Problem to work on: Using the listing below, select the lines with the word "Pink" and copy them.

_____

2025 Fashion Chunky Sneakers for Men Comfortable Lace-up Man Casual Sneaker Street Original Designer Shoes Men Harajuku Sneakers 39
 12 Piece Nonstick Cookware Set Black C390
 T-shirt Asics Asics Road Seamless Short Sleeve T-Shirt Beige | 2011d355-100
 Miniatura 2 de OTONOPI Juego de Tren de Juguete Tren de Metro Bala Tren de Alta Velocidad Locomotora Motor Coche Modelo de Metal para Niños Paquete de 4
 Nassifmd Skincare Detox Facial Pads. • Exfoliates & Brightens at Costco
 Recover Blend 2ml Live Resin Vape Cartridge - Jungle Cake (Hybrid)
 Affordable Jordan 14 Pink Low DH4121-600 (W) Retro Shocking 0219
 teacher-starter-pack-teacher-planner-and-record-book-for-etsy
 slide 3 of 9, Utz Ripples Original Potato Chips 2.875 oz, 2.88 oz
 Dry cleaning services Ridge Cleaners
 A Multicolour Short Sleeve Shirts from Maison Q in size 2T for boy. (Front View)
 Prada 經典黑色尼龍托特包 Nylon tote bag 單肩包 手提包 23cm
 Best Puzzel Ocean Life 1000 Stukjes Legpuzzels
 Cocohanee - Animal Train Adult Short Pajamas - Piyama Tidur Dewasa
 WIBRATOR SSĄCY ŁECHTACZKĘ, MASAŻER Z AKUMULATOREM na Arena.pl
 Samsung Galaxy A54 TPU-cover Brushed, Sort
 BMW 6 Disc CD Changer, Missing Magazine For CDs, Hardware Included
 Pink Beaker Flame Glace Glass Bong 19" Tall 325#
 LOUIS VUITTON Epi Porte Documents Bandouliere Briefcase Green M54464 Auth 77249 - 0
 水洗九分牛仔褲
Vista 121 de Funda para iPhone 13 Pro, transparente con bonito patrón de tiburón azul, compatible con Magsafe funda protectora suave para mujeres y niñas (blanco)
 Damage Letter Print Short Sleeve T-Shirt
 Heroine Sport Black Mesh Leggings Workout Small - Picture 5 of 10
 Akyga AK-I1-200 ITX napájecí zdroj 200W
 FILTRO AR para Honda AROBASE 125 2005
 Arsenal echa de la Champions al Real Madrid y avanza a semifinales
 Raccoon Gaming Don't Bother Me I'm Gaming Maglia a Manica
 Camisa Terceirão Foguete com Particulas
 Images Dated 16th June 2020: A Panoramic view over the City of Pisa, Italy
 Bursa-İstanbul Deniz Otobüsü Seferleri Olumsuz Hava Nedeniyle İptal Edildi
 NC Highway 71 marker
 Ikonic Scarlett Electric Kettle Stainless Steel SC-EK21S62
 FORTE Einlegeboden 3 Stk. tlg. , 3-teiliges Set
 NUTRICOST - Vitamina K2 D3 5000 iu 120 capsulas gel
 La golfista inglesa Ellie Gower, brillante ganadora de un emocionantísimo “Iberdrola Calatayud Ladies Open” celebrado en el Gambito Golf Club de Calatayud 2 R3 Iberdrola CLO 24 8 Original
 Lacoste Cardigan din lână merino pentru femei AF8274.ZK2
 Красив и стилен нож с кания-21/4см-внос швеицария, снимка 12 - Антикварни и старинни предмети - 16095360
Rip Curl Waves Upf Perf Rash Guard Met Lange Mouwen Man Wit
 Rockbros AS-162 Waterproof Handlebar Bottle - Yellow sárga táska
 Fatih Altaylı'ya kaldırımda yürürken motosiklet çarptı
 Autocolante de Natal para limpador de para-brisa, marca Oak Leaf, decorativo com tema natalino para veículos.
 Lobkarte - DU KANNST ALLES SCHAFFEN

_____

Response to the exercise:
 Affordable Jordan 14 Pink Low DH4121-600 (W) Retro Shocking 0219
 Pink Beaker Flame Glace Glass Bong 19" Tall 325#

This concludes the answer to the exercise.